Courses
The course covers the interdisciplinary topics relevant to the development of assistive technologies, including user needs derivation, innovation and rapid prototyping, user-centered design, usability, and efficiency evaluation. It is framed around a user-centered design challenge for a real-world use case (in groups of four students) in tight collaboration with persons with disabilities (challengers), with the goal of realizing an assistive technology solution adapted to the specific needs of each challenger.
This course focuses on the emerging, interdisciplinary field of physical human-robot interaction, bringing together themes from robotics, real-time control, human factors, haptics, virtual environments, interaction design and other fields to enable the development of human-oriented robotic systems. The objective of this course is to give an introduction to the fundamentals of physical human-robot interaction, through lectures on the underlying theoretical/mechatronics aspects and application fields, in combination with a hands-on lab tutorial. The course will guide students through the design and evaluation process of such systems.

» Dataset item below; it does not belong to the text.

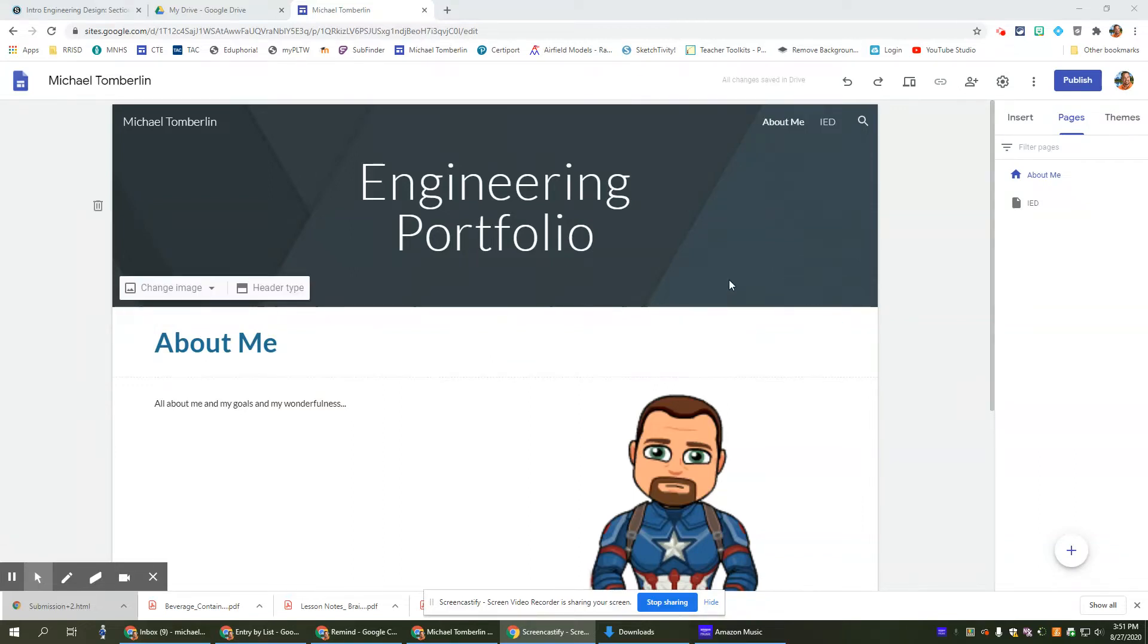Great, we have our portfolio all set up and we're ready to add things to it to share with our teacher to show everything that we've done.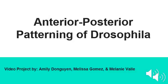Anterior-Posterior Patterning of Drosophila, a video project by Amelie, Melissa, and Melanie.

This course treats the development of mechatronic systems (i.e. mechanics, electronics, computer science and system integration) with inspiration from biology and application in the living (human) organism. The objective is to give an introduction to the fundamentals of biomechatronics, through lectures on the underlying theoretical/mechatronics aspects and application fields, in combination with exercises.
The course will guide students through the user-centered development and evaluation process of a medical engineering system for arm movement support. It will introduce the fundamentals of data acquisition, signal processing and control engineering, complemented by hands-on experience with sensors/signals, actuators, signal processing, feedforward/feedback control as well as 3D design/printing.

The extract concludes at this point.